Figure 2 shows node 0's estimation of the cost to lookup node 7. The learning algorithm converges after approximately 100 lookup operations where node 0 has determined that node 2 is the superior route with a cost of two hops where as taking the route to either node 1 or 4 results in three hop lookups. We show a similar plot for node 4 in Figure 3.
The number of hops for the lookup versus iteration is shown in Figure 4. The initial exploration phase of the algorithm is evident by the large hop variance in the first few hundred lookups. After 200 lookups, the simulated annealing in the algorithm allows the node exploit its learned information. A hop comparison with the greedy approach is shown in Figure 5. A negative value indicates instances of exploration where the algorithm performed worse than the greedy algorithm whereas positive values show the algorithm exploiting a better path.
Next we look at the ability of the algorithm to adapt to membership changes. We run the a simulation on the same eight node network starting in the same initial configuration, but force node 2 to leave after 300 iterations, node 1 to install a new route to node 4 after 500 iterations and node 1 to install a new route to node 7 after 700 iterations.

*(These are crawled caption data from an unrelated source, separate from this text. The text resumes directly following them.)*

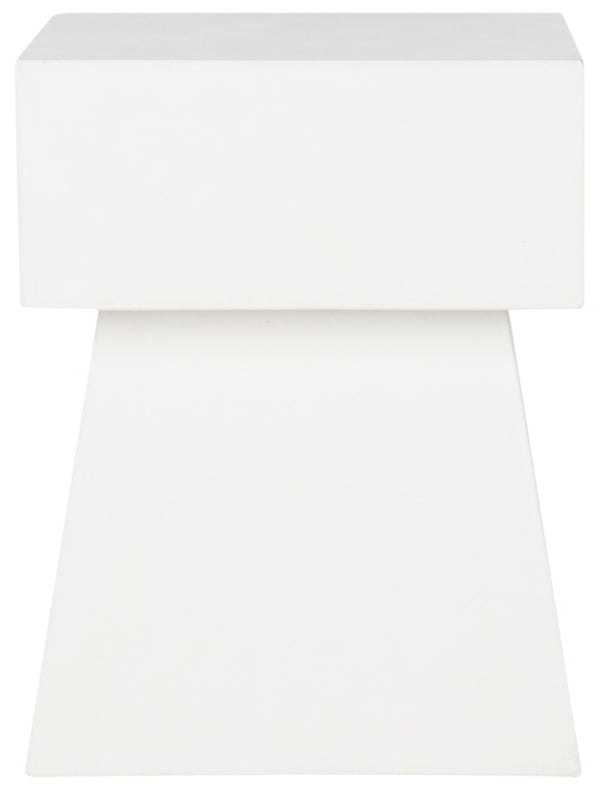 Safavieh ZEN Indoor/Outdoor Mushroom Accent Stool – Modern Concrete Design for Stylish Spaces & Durability Ivory VNN1000B
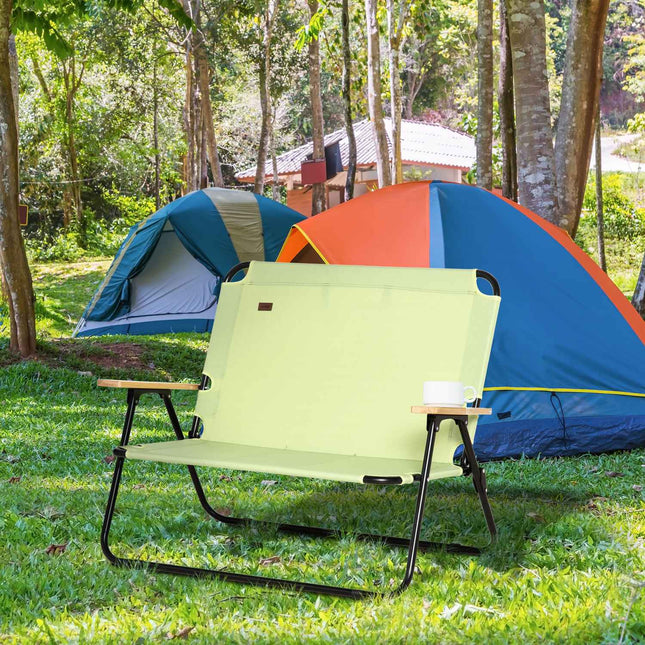 2-seater folding camping chair with cup holder, light green
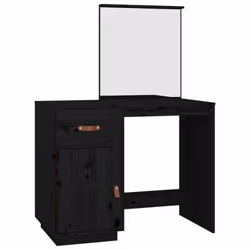 vidaXL Solid Wood Pine Dressing Table Wooden Desk Cosmetic Table Multi Colours - Black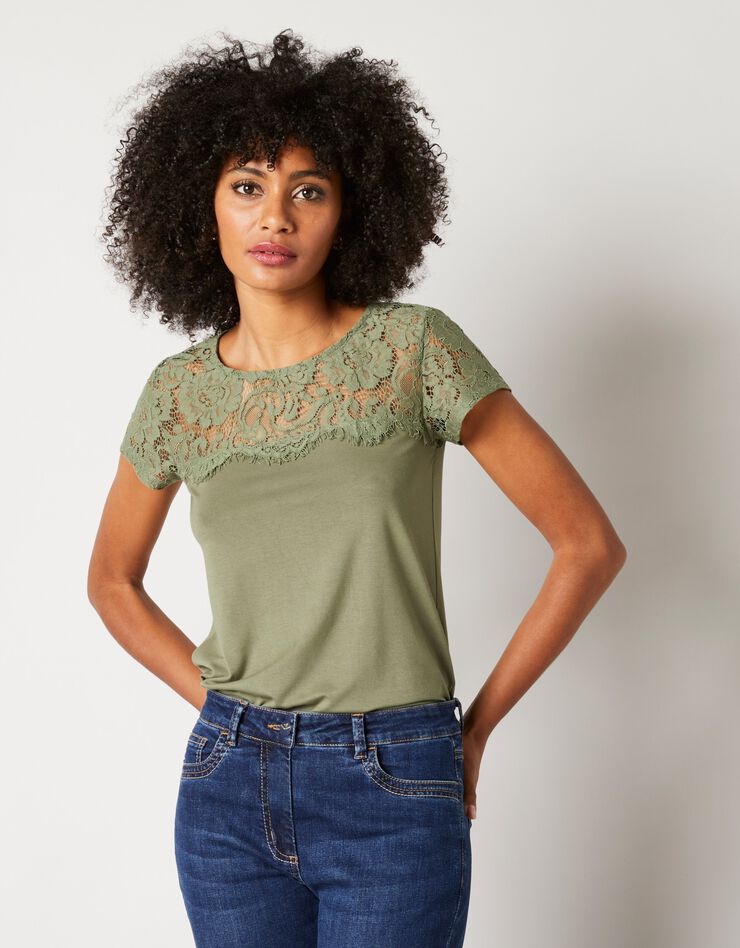 Tee-shirt dentelle col rond manches courtes (bronze) Tee-shirt dentelle col rond manches courtes (bronze)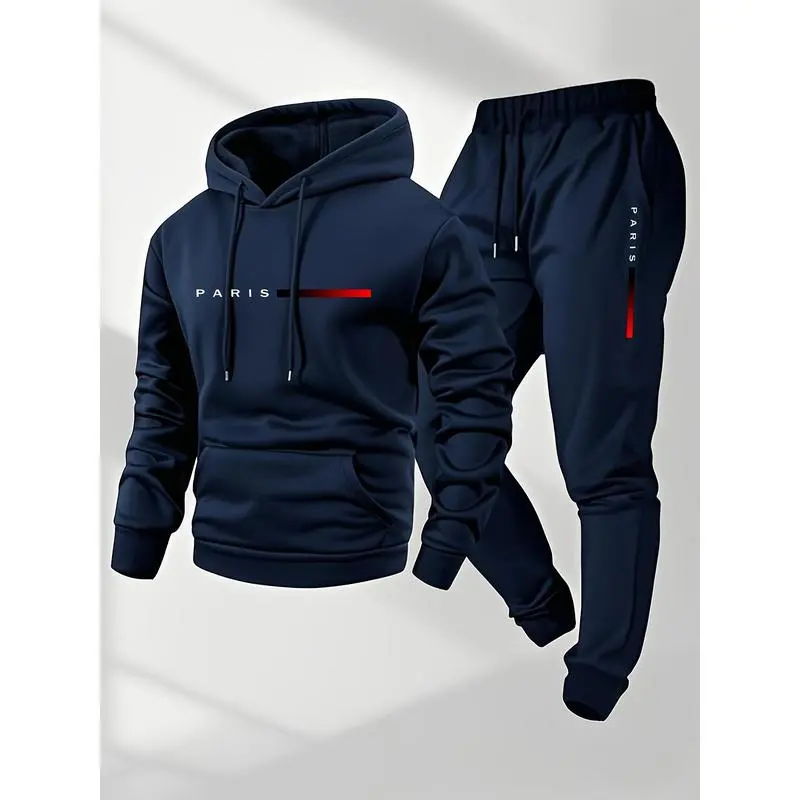 Men's Paris letter printed hoodie and drawstring sweatpants set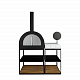 Sideboard zu Outdoor BBQ Wood Oven -Рама из нержавеющей стали антрацитового цвета со столешницей из тикового дерева
 от  röshults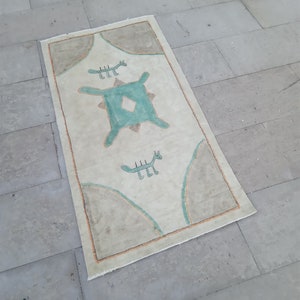Handmade 2x4 Green Brown Vintage Rug, 2x4 Oushak Wool Rug, Turkish Living Room Bedroom Kitchen Kids Entry Rug,Home Decor,2.2x3.11 Ft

Figure 6 depicts node 0's estimations for destination node 7. At iteration 300 when node 2 leaves there are two resulting effects. First, there is no longer a 2 hop route through the overlay from node 0 to 7. Second, the cost for node 0 to send to node 1 increases to 5 since node 1 has lost node 2 as a path. Thus, the network transitions from forwarding the query to node 2 to node 4. After 500 iterations, node 1 installs a route to node 4, lowering the cost for node 0 to use node 1 to 4. Still though, node 4 is the best choice. Finally at iteration 700, node 1 installs a direct route to destination node 7. Node 0 discovers this better two hop route and proceeds to use it. Each of these discrete events are evident in Figure 6.
The number of lookup hops in our example of membership changes is shown in Figure 7. We see the same exploration phase early in the progress of the lookups. From iteration 300 to 800 we see the resulting instability, but the majority of the lookups succeed in 3 hops. Finally after iteration 800 the network is exploiting node 1's new route and is achieving 2 hop lookups again.